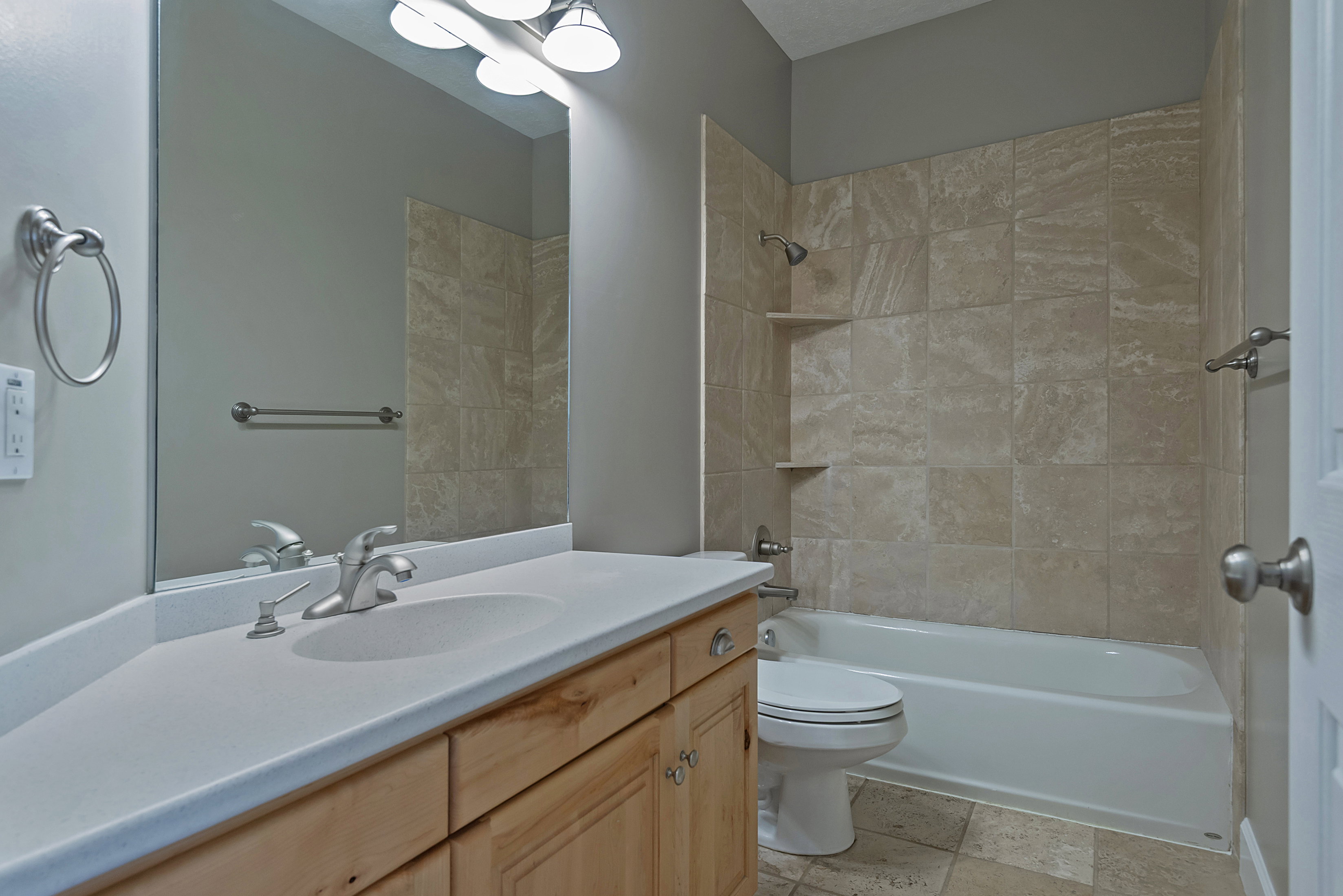 Bathroom featuring a wood-finish vanity with an integrated sink, a full-width mirror, and a tiled shower/tub combination with built-in shelving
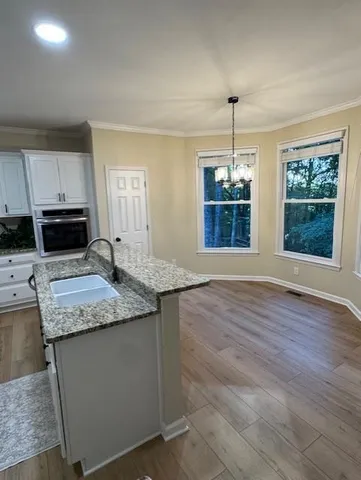 a kitchen with stainless steel appliances granite countertop a stove a sink and a wooden floors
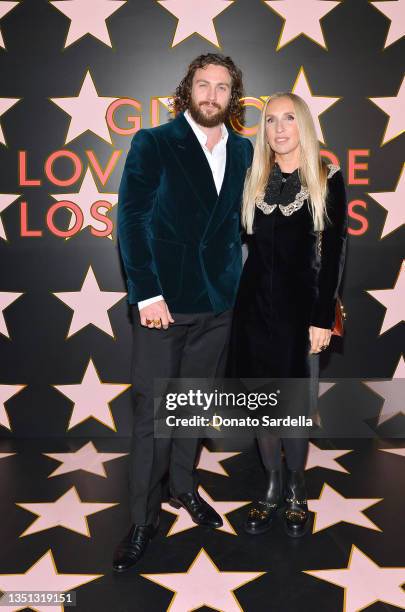 Aaron Taylor-Johnson and Sam Taylor-Johnson arrive at Gucci Love Parade on November 02, 2021 in Los Angeles, California.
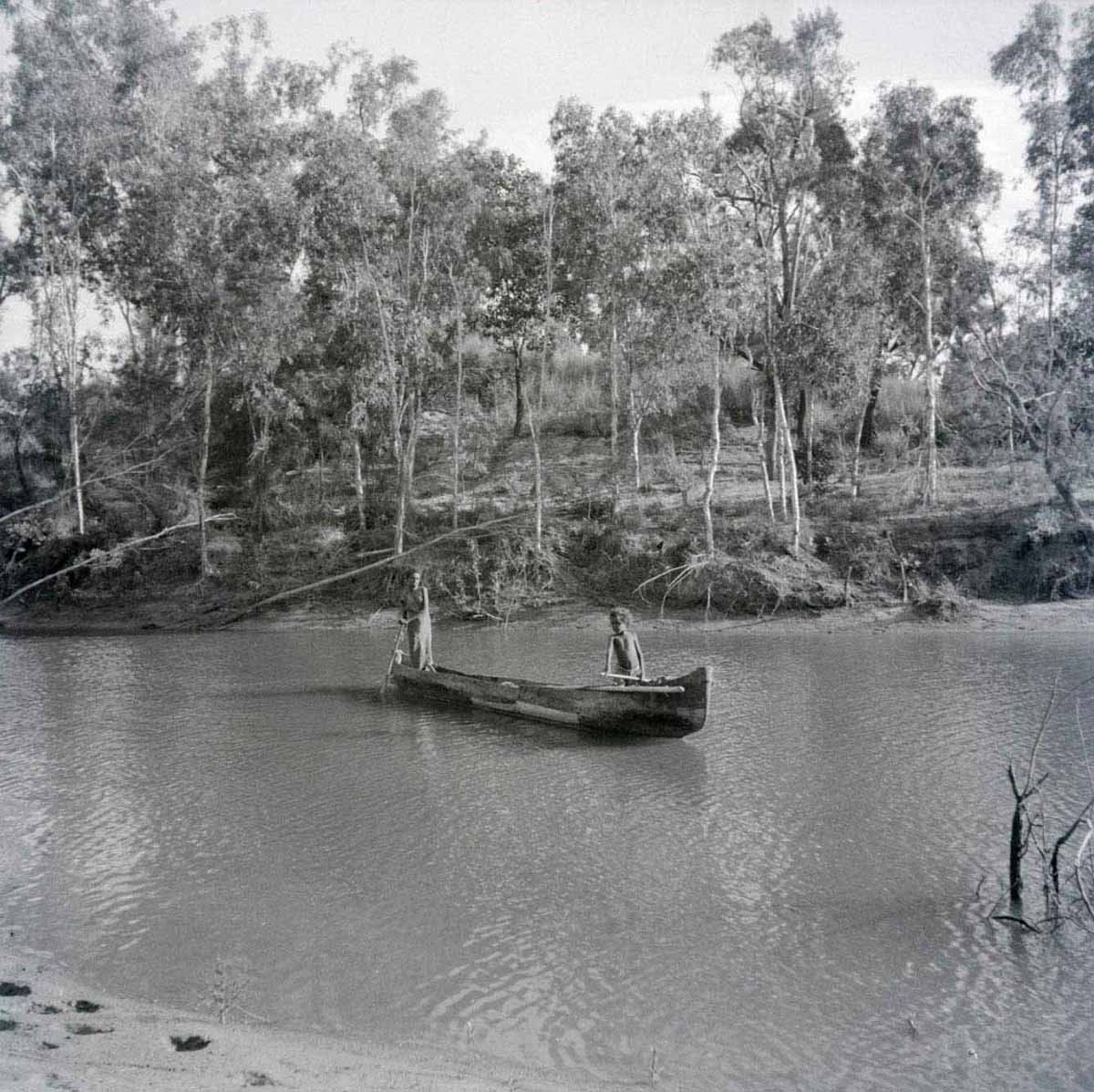 A black and white photographic negative that depicts an Aboriginal child and adult standing in a canoe on a river. - click to view larger image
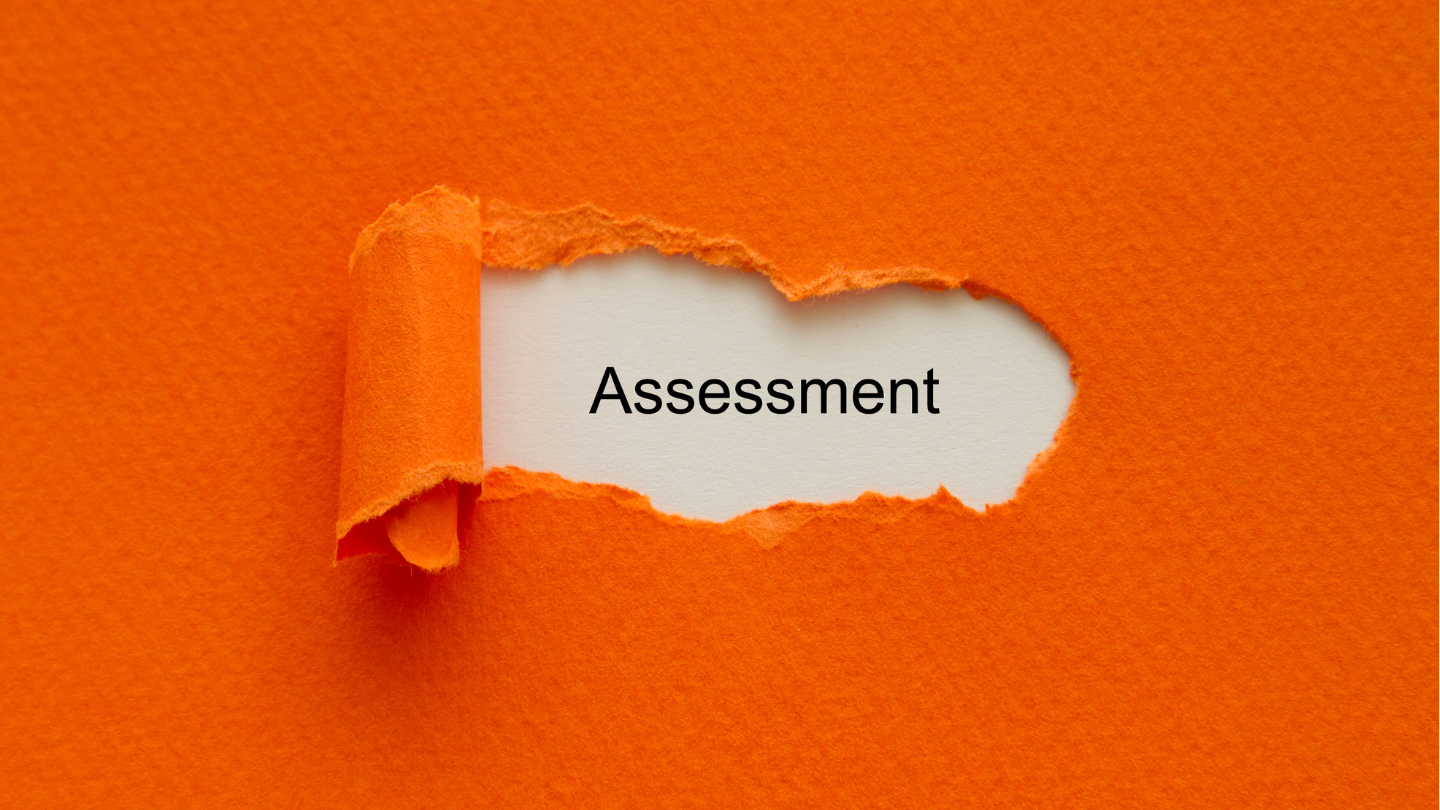 a paper peeling off revealing the word 'assessment' behind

▶ _THE TASK_: Repeat the records exactly but leave out the images.

▶ _EXPECTED OUTPUT_:
 Bathroom featuring a wood-finish vanity with an integrated sink, a full-width mirror, and a tiled shower/tub combination with built-in shelving
 a kitchen with stainless steel appliances granite countertop a stove a sink and a wooden floors
 Aaron Taylor-Johnson and Sam Taylor-Johnson arrive at Gucci Love Parade on November 02, 2021 in Los Angeles, California.
 A black and white photographic negative that depicts an Aboriginal child and adult standing in a canoe on a river. - click to view larger image
 a paper peeling off revealing the word 'assessment' behind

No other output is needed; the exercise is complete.